## Data segment

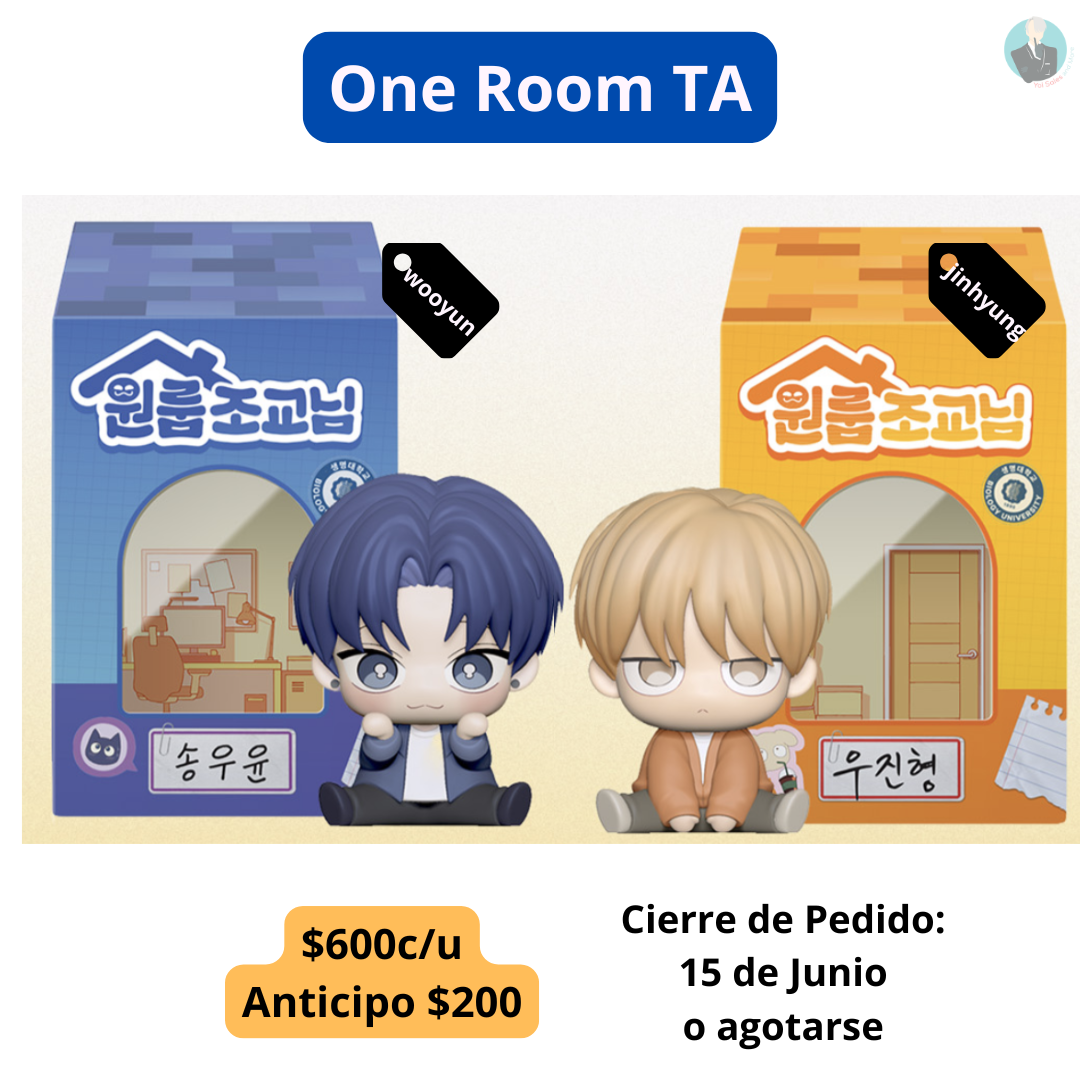 One Room TA - Figuras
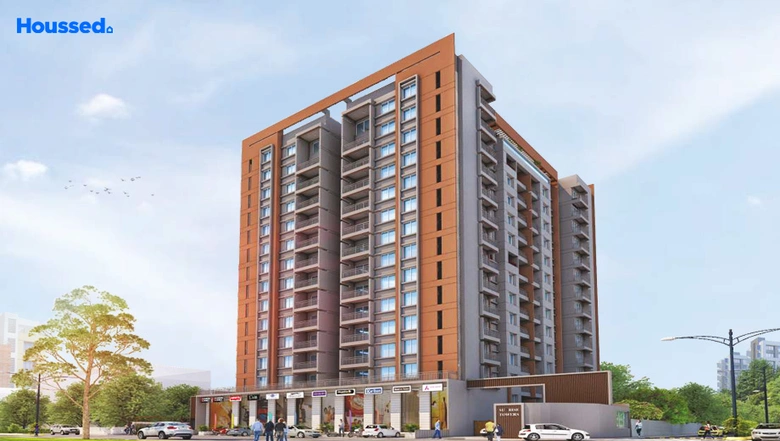 Project Image of Rainbow Sunrise Tower in Nigdi, Pune - Image 112072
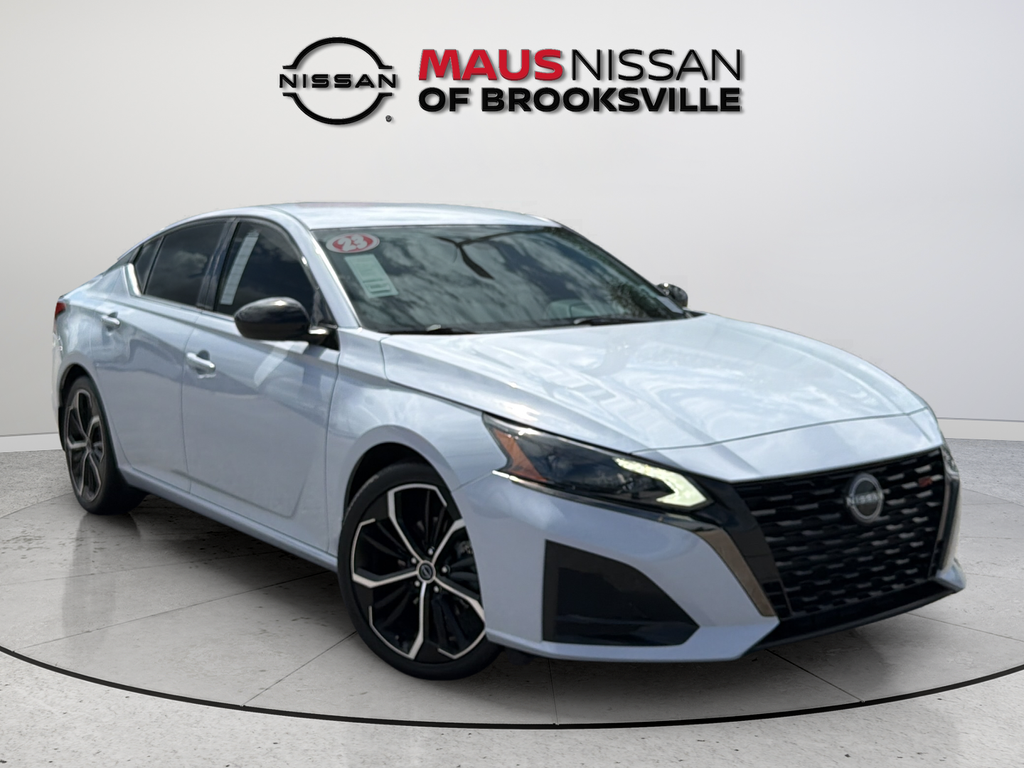 2023 Nissan Altima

## Prompt
Your job is to restate, word for word, only the lines from the one holding "Project Image of" through the end of the material; pictures stay out.

## Exercise response
 Project Image of Rainbow Sunrise Tower in Nigdi, Pune - Image 112072
 2023 Nissan Altima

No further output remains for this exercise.